### PROBLEM
Set each record down exactly, excluding all images.

### Short text fragments from websites
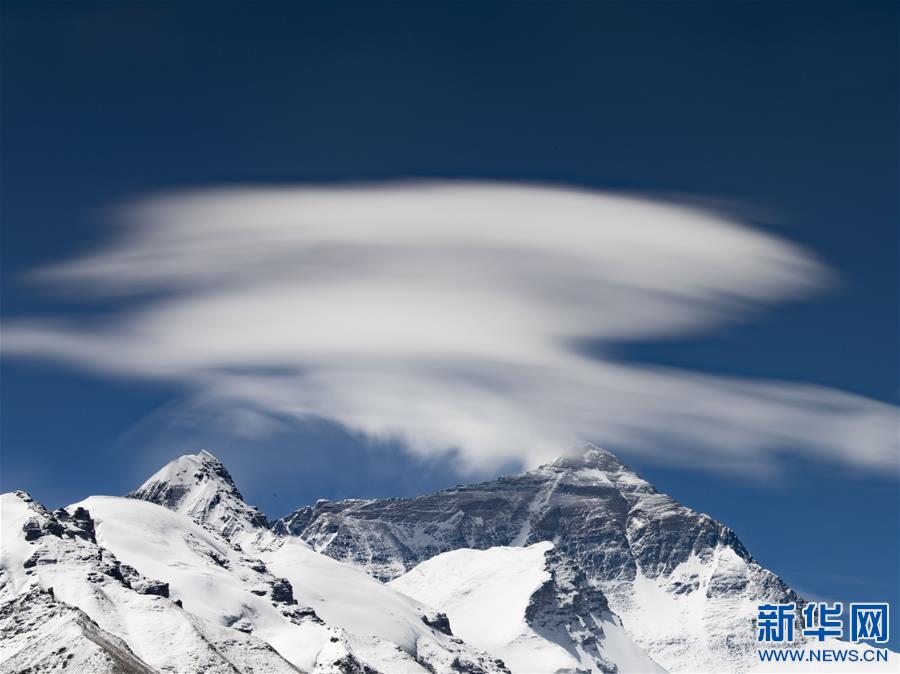 （2020珠峰高程测量·新华视界）（16）看珠峰云卷云舒 观巅峰千姿百态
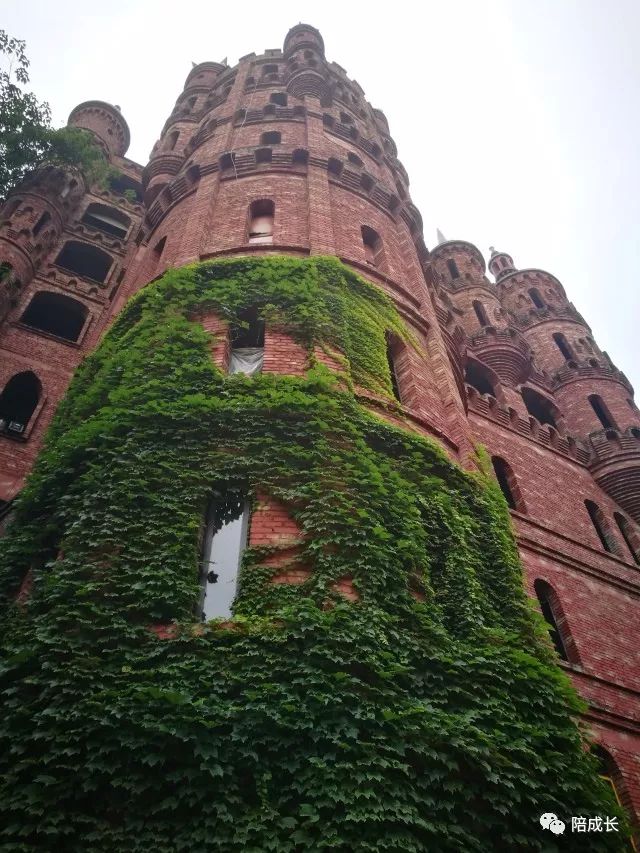 重庆方特科幻主题公园_重庆方特公园营业时间_重庆方特科幻公园上午人多还是下午人多?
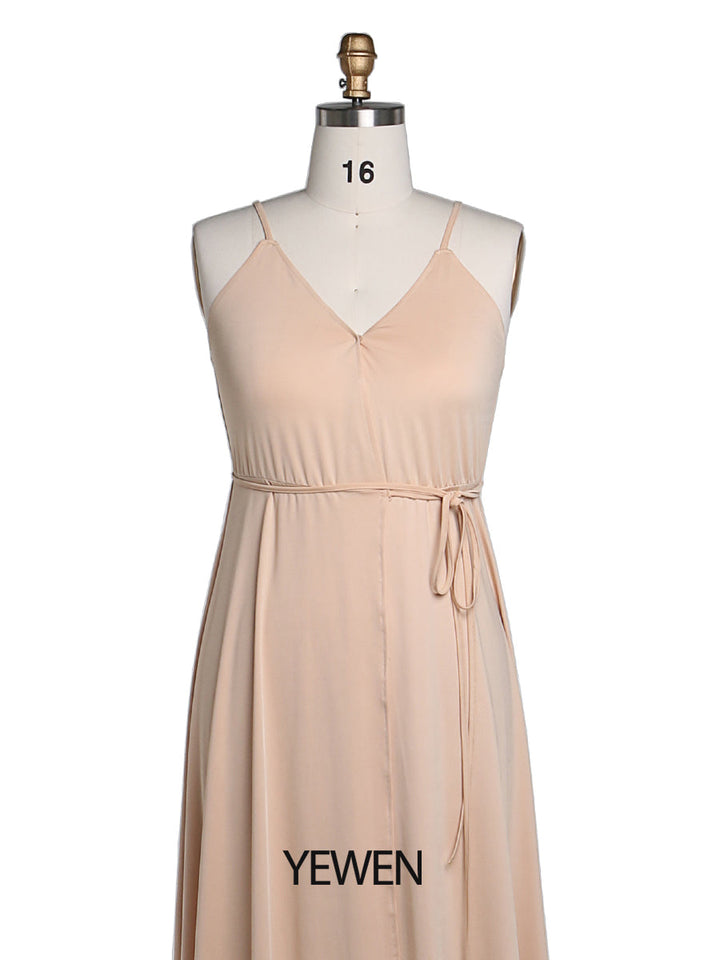 Schlichtes Slip-Kleid aus dehnbarem Stoff mit V-Ausschnitt YEWEN 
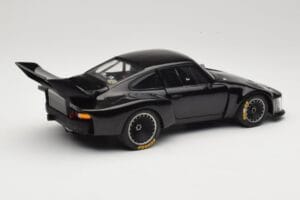 Porsche 935 Turbo Group 5 1976 Exoto 1:18 18101 Metal - imagem 3 de 8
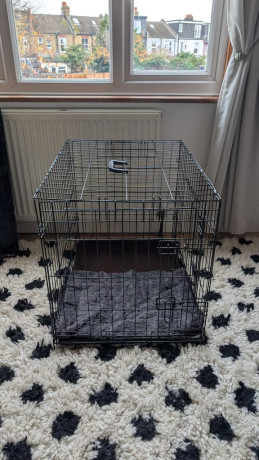 small-medium-dog-crate-w-tray-black-big-0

### ANSWER FOR THE TASK
 （2020珠峰高程测量·新华视界）（16）看珠峰云卷云舒 观巅峰千姿百态
 重庆方特科幻主题公园_重庆方特公园营业时间_重庆方特科幻公园上午人多还是下午人多?
 Schlichtes Slip-Kleid aus dehnbarem Stoff mit V-Ausschnitt YEWEN 
 Porsche 935 Turbo Group 5 1976 Exoto 1:18 18101 Metal - imagem 3 de 8
 small-medium-dog-crate-w-tray-black-big-0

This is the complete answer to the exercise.